API Reference
=============

This page documents all public classes and methods in Crosstem.

DerivationalStemmer
-------------------

.. py:class:: DerivationalStemmer(language: str = "eng", use_rust_backend: bool = True)

   Main class for finding morphological roots through derivational relationships.
   
   :param language: ISO 639-3 language code (e.g., 'eng', 'deu', 'fra')
   :type language: str
   :param use_rust_backend: Use Rust backend when available; falls back to Python if unavailable
   :type use_rust_backend: bool
   :raises ValueError: If language is not supported
   
   **Example**::
   
      from crosstem import DerivationalStemmer
      
      stemmer = DerivationalStemmer('eng')
      root = stemmer.stem('organization')

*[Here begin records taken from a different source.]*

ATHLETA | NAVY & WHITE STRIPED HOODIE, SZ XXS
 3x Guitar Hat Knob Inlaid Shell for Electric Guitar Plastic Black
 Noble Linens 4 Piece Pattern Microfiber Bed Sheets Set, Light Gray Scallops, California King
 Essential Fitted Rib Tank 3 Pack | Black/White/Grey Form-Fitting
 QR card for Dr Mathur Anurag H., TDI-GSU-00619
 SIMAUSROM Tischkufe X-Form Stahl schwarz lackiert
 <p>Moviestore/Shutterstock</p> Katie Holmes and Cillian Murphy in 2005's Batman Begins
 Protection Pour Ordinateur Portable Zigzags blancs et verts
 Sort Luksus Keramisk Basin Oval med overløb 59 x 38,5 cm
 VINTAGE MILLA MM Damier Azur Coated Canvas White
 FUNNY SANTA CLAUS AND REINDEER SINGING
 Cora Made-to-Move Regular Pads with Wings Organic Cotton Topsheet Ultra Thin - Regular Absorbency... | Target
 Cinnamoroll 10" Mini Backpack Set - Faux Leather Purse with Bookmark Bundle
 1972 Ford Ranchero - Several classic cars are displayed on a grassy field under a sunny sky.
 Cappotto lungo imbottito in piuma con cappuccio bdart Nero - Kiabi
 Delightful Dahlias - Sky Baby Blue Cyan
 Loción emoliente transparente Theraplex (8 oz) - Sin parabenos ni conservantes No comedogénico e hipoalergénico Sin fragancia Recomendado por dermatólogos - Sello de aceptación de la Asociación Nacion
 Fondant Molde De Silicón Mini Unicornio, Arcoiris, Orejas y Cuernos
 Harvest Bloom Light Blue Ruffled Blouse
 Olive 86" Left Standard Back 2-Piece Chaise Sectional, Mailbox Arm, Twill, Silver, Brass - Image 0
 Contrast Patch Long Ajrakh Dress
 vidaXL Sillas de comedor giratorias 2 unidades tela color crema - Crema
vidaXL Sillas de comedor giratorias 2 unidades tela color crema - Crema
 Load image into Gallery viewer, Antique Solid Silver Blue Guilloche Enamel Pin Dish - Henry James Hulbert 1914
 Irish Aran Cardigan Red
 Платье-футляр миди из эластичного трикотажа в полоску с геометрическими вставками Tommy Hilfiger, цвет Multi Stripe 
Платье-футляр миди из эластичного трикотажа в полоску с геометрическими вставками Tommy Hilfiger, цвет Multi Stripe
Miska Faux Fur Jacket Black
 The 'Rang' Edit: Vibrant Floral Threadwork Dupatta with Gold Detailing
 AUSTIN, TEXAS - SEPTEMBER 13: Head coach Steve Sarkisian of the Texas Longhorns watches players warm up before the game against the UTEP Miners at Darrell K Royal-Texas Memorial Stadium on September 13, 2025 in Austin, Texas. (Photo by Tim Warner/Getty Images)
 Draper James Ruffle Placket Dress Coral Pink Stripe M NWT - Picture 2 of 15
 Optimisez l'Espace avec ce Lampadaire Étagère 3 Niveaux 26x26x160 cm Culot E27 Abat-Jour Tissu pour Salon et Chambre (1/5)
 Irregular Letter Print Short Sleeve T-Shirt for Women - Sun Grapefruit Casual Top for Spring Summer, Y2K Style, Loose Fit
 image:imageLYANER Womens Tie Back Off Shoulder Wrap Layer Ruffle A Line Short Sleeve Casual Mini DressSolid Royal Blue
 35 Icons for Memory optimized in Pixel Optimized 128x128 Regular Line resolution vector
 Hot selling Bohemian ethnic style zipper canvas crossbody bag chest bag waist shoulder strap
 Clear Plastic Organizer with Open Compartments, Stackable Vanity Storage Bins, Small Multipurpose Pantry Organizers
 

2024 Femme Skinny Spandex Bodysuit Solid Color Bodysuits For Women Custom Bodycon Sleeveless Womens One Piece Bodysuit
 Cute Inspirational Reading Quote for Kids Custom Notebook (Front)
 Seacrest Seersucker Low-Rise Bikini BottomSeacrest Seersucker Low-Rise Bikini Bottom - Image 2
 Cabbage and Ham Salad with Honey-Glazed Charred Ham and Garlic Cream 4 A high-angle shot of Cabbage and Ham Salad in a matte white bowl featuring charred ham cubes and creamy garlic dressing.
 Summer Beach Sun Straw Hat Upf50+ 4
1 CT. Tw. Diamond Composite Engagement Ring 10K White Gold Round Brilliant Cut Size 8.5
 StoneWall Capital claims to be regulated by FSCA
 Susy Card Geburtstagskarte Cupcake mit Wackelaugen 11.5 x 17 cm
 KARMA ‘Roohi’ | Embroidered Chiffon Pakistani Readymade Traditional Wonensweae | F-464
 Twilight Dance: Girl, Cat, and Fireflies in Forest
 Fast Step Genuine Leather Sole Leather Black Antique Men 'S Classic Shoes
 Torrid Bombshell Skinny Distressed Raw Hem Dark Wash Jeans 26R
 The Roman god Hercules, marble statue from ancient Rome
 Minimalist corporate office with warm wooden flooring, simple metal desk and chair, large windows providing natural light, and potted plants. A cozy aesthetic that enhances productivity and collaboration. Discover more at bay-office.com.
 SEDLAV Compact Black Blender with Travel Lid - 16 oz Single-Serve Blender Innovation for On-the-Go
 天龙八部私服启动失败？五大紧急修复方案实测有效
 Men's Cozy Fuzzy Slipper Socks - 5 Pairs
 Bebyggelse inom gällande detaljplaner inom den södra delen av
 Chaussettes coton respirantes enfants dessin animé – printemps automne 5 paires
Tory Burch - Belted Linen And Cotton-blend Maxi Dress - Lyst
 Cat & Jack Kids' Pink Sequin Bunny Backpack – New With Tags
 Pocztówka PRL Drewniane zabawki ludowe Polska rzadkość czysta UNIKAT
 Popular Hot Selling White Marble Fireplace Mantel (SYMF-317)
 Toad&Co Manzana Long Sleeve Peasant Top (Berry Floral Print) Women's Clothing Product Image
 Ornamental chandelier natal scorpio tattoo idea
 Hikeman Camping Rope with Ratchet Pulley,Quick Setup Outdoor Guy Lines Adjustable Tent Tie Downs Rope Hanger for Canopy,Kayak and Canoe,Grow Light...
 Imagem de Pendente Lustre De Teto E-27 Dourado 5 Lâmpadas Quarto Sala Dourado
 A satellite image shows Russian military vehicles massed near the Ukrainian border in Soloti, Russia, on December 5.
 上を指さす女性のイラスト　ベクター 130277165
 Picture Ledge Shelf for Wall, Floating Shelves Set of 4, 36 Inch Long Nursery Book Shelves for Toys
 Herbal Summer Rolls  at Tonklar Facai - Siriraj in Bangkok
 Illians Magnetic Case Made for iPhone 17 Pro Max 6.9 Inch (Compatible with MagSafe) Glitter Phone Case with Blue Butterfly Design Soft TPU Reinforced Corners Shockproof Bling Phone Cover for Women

   .. py:method:: stem(word: str, use_derivations: bool = True) -> str
   
      Find the morphological root of a word using BFS graph traversal.
      
      :param word: The word to stem
      :type word: str
      :return: The morphological root, or the original word if not in graph
      :rtype: str
      
      **Algorithm**: Uses breadth-first search through derivational relationships,
      scoring candidates based on word length, part of speech, and productivity.
      
      **Example**::
      
         stemmer = DerivationalStemmer('eng')
         
         # Cross-POS stemming
         print(stemmer.stem('organization'))    # organize (noun → verb)
         print(stemmer.stem('beautiful'))       # beauty (adj → noun)
         
         # Multi-hop traversal
         print(stemmer.stem('organizational'))  # organize (2 hops)

   .. py:method:: get_word_family(word: str, max_depth: int = 2) -> list
   
      Get all words derived from the given root word.
      
      :param word: The root word
      :type word: str
      :return: Sorted list of words in the derivational family
      :rtype: list
   .. py:method:: get_derivations(word: str) -> list

      Get derivational links for a word.

      :param word: Input word
      :type word: str
      :return: List of derivation objects with ``form``, ``pos``, and ``relation``
      :rtype: list

      
      **Example**::
      
         stemmer = DerivationalStemmer('eng')
         family = stemmer.get_word_family('organize')
         print(len(family))  # 43 related words

InflectionAnalyzer
------------------

.. py:class:: InflectionAnalyzer(language: str)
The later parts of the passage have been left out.